Reproduce exactly, leaving out pictures, each line from the one holding "Classic golden Greek" through the final line of the listing, and add nothing.

(DATA SECTION)
----

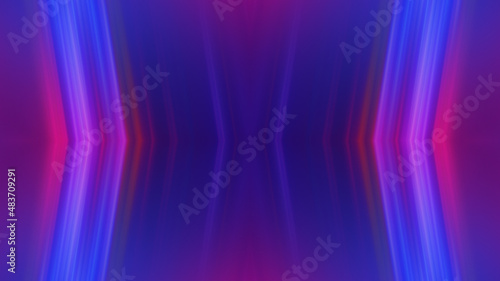 Abstract blurred futuristic background. Bright ultraviolet glow, neon lines, shapes
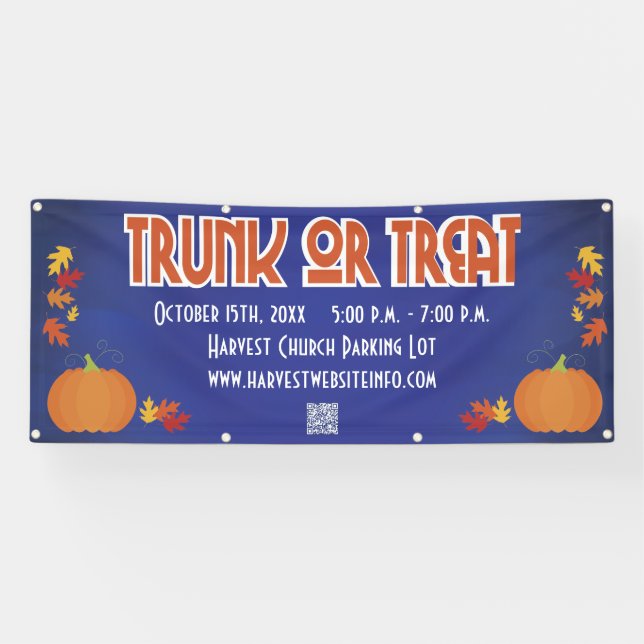 Harvest Pumpkin QR Code Trunk or Treat Banner (Horizontal)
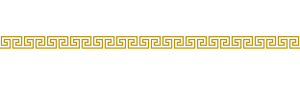 Classic golden Greek key meander border pattern with continuous geometric, interlocking lines.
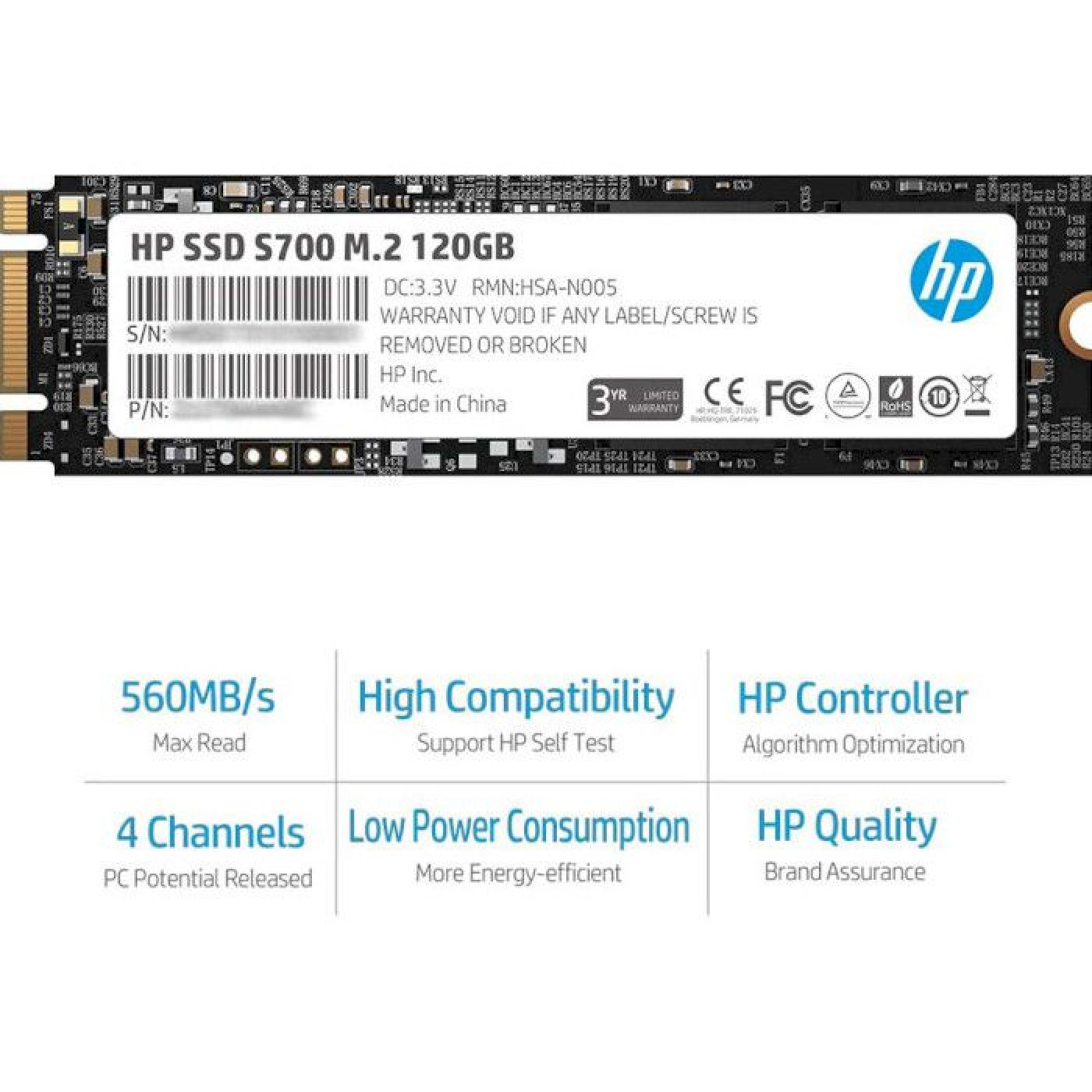 Накопичувач SSD HP m.2 sata 120GB S700 (2LU78AA#ABB)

----

(WRITTEN RESPONSE)
 Classic golden Greek key meander border pattern with continuous geometric, interlocking lines.
 Накопичувач SSD HP m.2 sata 120GB S700 (2LU78AA#ABB)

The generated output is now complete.